Tuesday, 21 February 2017

Art trade amendments to looted art bill rejected in parliament

Those poor antiquities dealers are claiming they are hard-done by and being victimised again (Laura Chesters, ' Art trade amendments to looted art bill rejected in parliament Antiques Trade Gazette   21 Feb 2017).   

The UK government has passed the third reading of the Cultural Property (Armed Conflicts) Bill,   designed to tackle the looting and destruction of cultural heritage in conflict zones. In the debates leading up to this, Kensington MP and the British Antique Dealers Association  president Victoria Borwick had implored ministers to “consider the views of the art and antiques industry”. Parliament however it roundly opposed amendments to the draft bill called for by the art and antiques trade.
Among those calling for amendments to the bill, were members of the art trade who had called for changes including clarification of the definition of “cultural property” and the meaning of the phrase “having reason to suspect” in the wording of the clause relating to “dealing in unlawfully exported cultural property” [clause 17.1 of the bill]. [...] However Tracey Crouch MP, the under-secretary of state for Culture, Media and Sport, who steered the bill through parliament, said: “Dealers should always be concerned to ensure that any objects they deal in have good and lawful provenance.” She said issues in the art market around provenance “will not be solved by watering down this bill”. She added that after consulting with the art trade there was "no clear evidence... this bill would create an insurmountable problem for the art market or increase the amount of due diligence that the dealers need to take. It will however provide a deterrent for those unscrupulous dealers who might be tempted to deal in unlawfully exported cultural property". 
So once again, antiquities dealers were trying to stall a cleaning up of the market by raising (US lobbyist style) pretended difficulties which in fact do not exist in any licit business.
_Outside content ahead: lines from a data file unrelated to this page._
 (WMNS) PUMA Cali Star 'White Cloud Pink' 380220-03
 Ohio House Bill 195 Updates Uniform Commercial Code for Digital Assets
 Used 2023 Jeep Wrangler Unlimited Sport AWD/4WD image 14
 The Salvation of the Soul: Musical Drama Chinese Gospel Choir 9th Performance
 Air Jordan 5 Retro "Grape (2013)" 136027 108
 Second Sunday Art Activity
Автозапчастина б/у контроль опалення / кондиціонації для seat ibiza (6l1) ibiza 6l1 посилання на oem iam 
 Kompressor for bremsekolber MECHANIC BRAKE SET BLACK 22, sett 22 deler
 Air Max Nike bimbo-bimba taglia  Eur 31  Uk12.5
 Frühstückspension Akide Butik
In fact the Bill cites the seminal definition of ‘cultural property’, as defined in The Hague Convention 1954 (so antiquities dealers have had ample time to consider, and challenge if they see fit, this notion - but then these atavistic milieu tends not to prioritise any form of forward looking considerations).
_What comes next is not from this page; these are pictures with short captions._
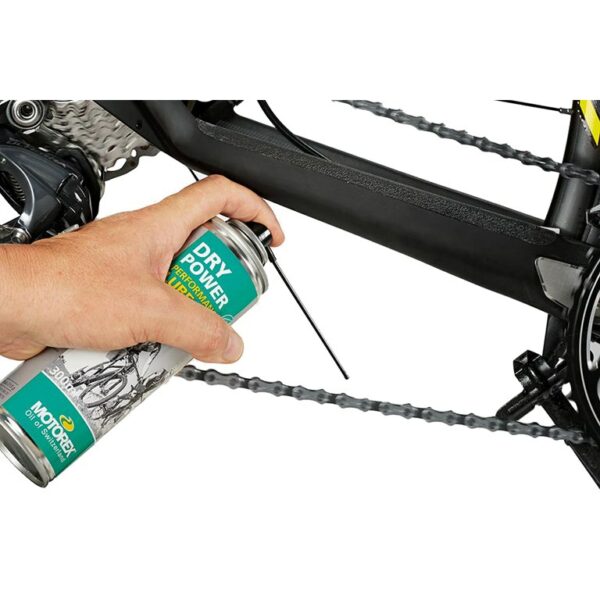 Lubricante de Cadena para Clima Humedo | Motorex Wet Protec | 100 ml - Imagen 2
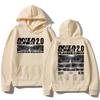Rapper Hoodies Playboi Carti Antagonist Tour Sweatshirts Men Women Hip Hop Streetwear Male Pullovers Y2K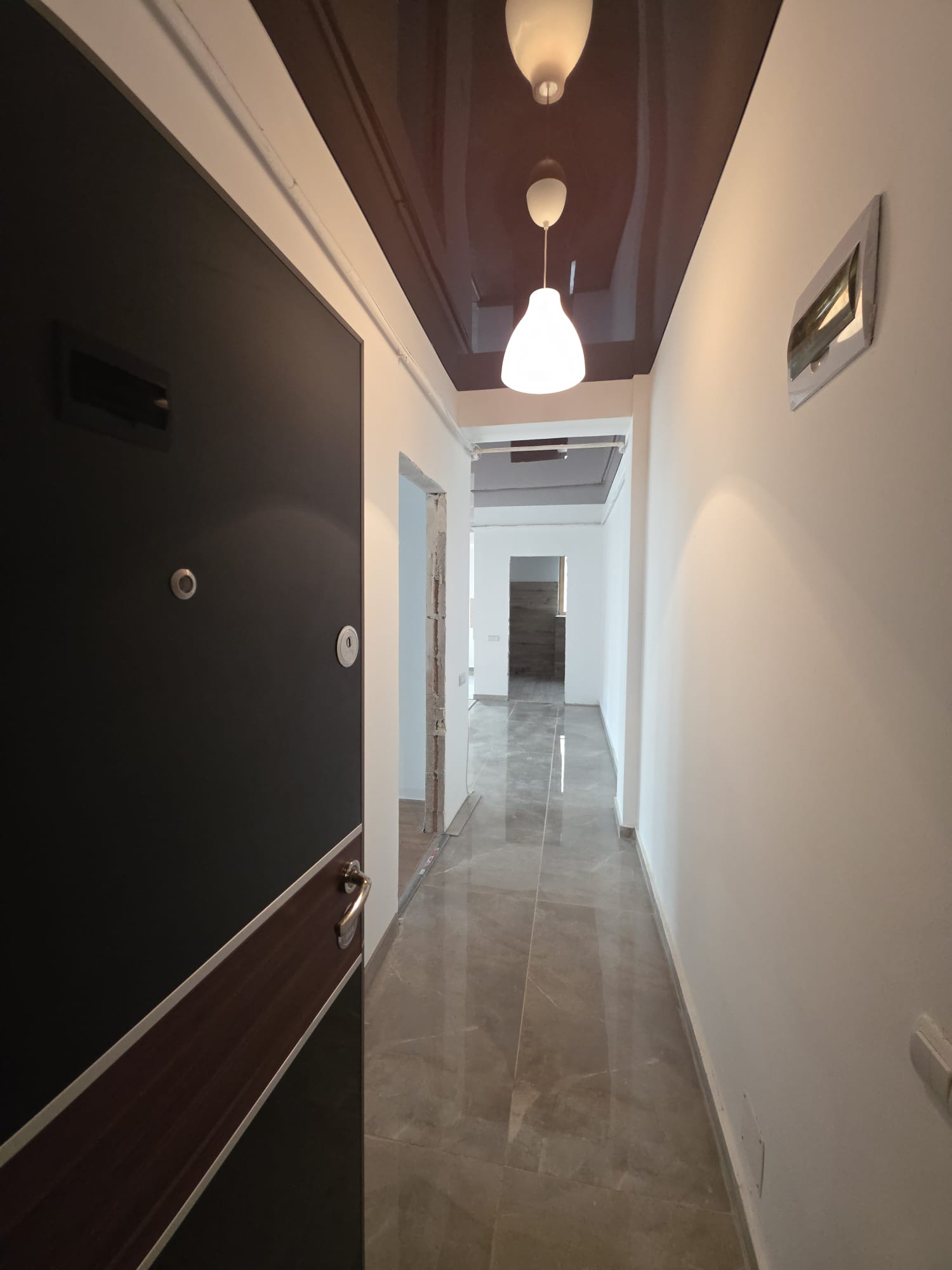 Apartament 2 camere luminos si spatios – 60,8 mp utili, FINISAT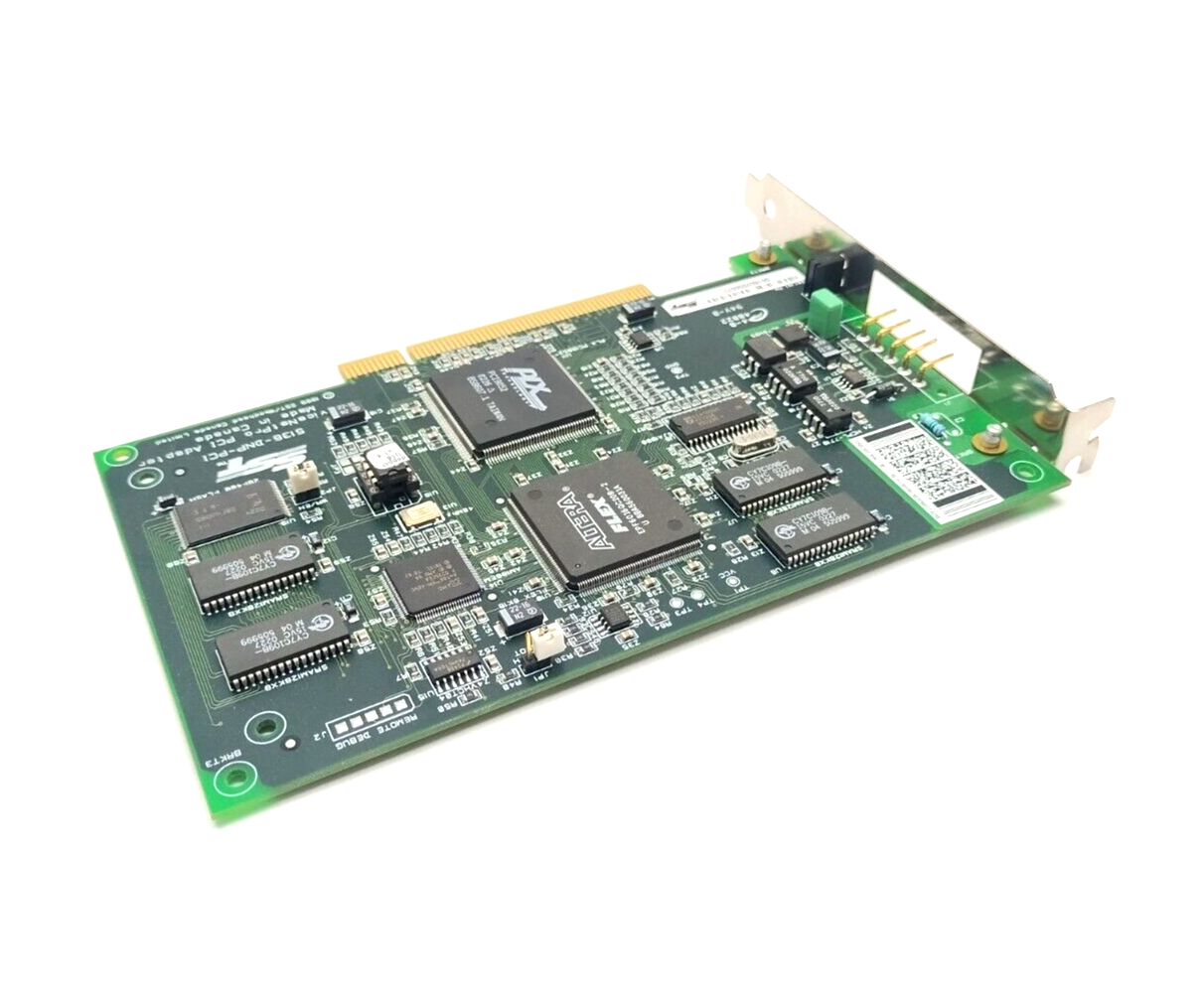 SST 5136-DNP-PCI DeviceNetPro PCI Adapter Interface Card 490-1297 PCB Rev 1.21 - Maverick Industrial Sales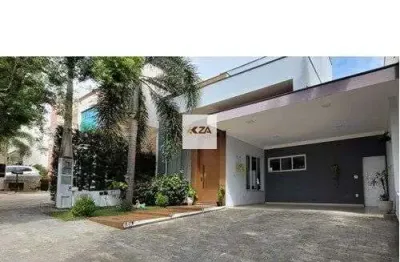 Casa térrea para locação – condomínio golden park residence ii sorocaba/sp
Rebecca Davies, chief executive of LAPADA, said [...] As things stand, and without clear guidance on this, art market professionals will face the choice of ignoring the unsubstantiated claim [on an object they were handling] and risk prosecution or accept that any claim, regardless of merit, would create grounds for suspicion under the terms of the act and effectively taint the object while exposing them to the risk of prosecution if they ignored the claim.” 
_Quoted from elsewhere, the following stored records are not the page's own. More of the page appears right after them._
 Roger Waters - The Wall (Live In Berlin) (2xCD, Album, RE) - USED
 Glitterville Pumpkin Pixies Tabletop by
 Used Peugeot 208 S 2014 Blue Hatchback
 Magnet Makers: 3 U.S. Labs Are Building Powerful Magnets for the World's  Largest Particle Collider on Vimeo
Absolutely, that is how it should be. When will dealers realise that the outside world expects would-be respectable dealers to handle only material which can be shown on the basis of proper business documentation not to be potentially tainted  - and in the British situation that means complying in full with the terms of the 2003 'Dealing in cultural property ((offences) Act'  - also in force long enough now for the dealers concerned to know its wording and act accordingly in filling their stock rooms.